# Thomas Brooks: false teachers and majoring on the minors



## Reformed Covenanter (May 10, 2020)

I mentioned this extract in an earlier thread; it is definitely one worth revisiting. One of the great dangers we face is obsessive purity-spiralling concerning relatively minor subjects to the neglect of weightier matters. It is no wonder that, in some cases, these purists have apostatised from the Reformed religion and joined Rome or Eastern Orthodoxy. Their unhealthy fixation on certain hobby-horses ought to have been a warning sign as to where they were headed. Anyway, here is the extract from Thomas Brooks on the subject:

The fourth character.
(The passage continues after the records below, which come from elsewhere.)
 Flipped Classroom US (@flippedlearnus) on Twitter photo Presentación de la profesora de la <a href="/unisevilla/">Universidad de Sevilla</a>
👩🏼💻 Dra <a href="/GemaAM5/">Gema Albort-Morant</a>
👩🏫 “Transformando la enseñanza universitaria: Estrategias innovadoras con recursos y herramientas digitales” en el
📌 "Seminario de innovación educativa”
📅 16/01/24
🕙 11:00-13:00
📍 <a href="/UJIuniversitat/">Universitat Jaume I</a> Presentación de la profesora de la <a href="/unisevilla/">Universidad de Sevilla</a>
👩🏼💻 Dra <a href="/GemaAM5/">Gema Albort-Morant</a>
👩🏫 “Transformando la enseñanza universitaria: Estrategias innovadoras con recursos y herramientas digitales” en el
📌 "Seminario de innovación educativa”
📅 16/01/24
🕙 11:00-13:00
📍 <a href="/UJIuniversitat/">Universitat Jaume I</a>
False teachers _easily pass over the great and weighty things both of law and gospel, and stand most upon those things that are of the least moment and concernment to the souls of men_. 1 Tim. i. 5-7, ‘Now the end of the commandment is charity out of a pure heart, and of a good conscience, and of faith unfeigned; from which some having swerved, have turned aside unto vain jangling, desiring to be teachers of the law, and understand neither what they say nor whereof they affirm.’ Mat. xxiii. 2, 3, ‘Woe unto you, scribes and Pharisees, hypocrites! for ye pay tithe of mint, and anise and cummin, and have omitted the weightier matters of the law, judgment, mercy, and faith; these ought ye to have done, and not to leave the other undone.’

False teachers are nice in the lesser things of the law, and as negligent in the greater. 1 Tim. vi. 3-5, ‘If any man teach otherwise, and consent not to wholesome words, even the words of our Lord Jesus Christ, and to the doctrine which is according to godliness, he is proud, knowing nothing, but doting about questions and strife of words, whereof cometh envy, strife, railings, evil surmisings, perverse disputings of men of corrupt minds, and destitute of the truth, supposing that gain is godliness: from such withdraw thyself.’ If such teachers are not hypocrites in grain, I know nothing, Rom. ii. 22. The earth groans to bear them, and hell is fitted for them, Mat. xxiv. 32.
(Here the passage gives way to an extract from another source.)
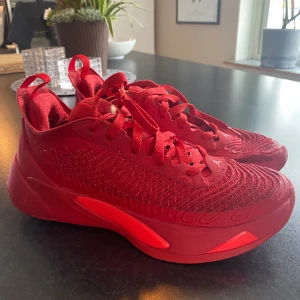 Luka Doncic 1  - Säljer åt min lillebror som växte ur dom, dom är i bra skick och har väldigt mycket kvar att ge! Bara att skriva om frågor: Storlek 41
For the reference, see Thomas Brooks: false teachers and majoring on the minors.

Reactions: Like 1


----------



## NaphtaliPress (May 10, 2020)

What are some modern examples of this that stand out, particularly w.r.t. apostasy later?


----------



## Reformed Covenanter (May 10, 2020)

NaphtaliPress said:


> What are some modern examples of this that stand out, particularly w.r.t. apostasy later?



The Federal Vision would be one example. Most people who went down this route were obsessed with things like a "biblical" view of economics, law, politics, education, child-rearing, and so forth. Now, I am not saying that the Bible has nothing to say on these issues, but, all too often, there was a tendency to read things into scripture and consequently add to God's moral law. They became so fixated with establishing the "right" view of absolutely everything, including things that scripture leaves as matters of prudence, that they lost sight of the gospel.

Other examples include certain Neo-Covenanter types (sometimes Cameronians, sometimes others) who are on a "Quest for the Historical Church of Scotland." Given the abject futility of having to do four PhDs in ecclesiastical history before deciding where to go to church, and seeing that no branch of Protestantism, let alone Scottish Presbyterianism, can provide them with the kind of certainty that they want as to which denomination is the right one, they gave up and went to either Rome of Eastern Orthodoxy. As I said elsewhere, to worship church history is to cease to be a Protestant. The fact that these people were worshipping those who were arguably most opposed to Popery does not matter; their worship of them was still idolatrous and led them into the idolatries of either Rome or the East.

We encounter perhaps more mundane examples in everyday life, wherein someone finds a small fault at a church they are attending and uses it as an excuse either to sit at home or to endlessly flit around from one place to the next. Belfast is particularly notorious for such church-crawlers. Such purism is usually just a cloak for sin and backsliding in their life; I am not saying that everyone who does that eventually apostatizes, but they are leaving themselves in grave spiritual danger.

Reactions: Like 1 | Informative 1


----------



## NaphtaliPress (May 10, 2020)

Reformed Covenanter said:


> "Quest for the Historical Church of Scotland."


In our circles and certainly my past thirty-five years, this has been the danger I've seen and I see it going on real time on social media. Folks who day before yesterday didn't know what happened in 1646 press folks, who certainly do know and have since before they were born, that they need to this or believe that because strict 1646 is their new bright and shiny object. It may be perfectly good in itself, but it is made an idol. Thus the Lord would be just to relegate such traditions to the dust bin for reforming anew without enshrining a new bronze serpent.

Reactions: Like 1


----------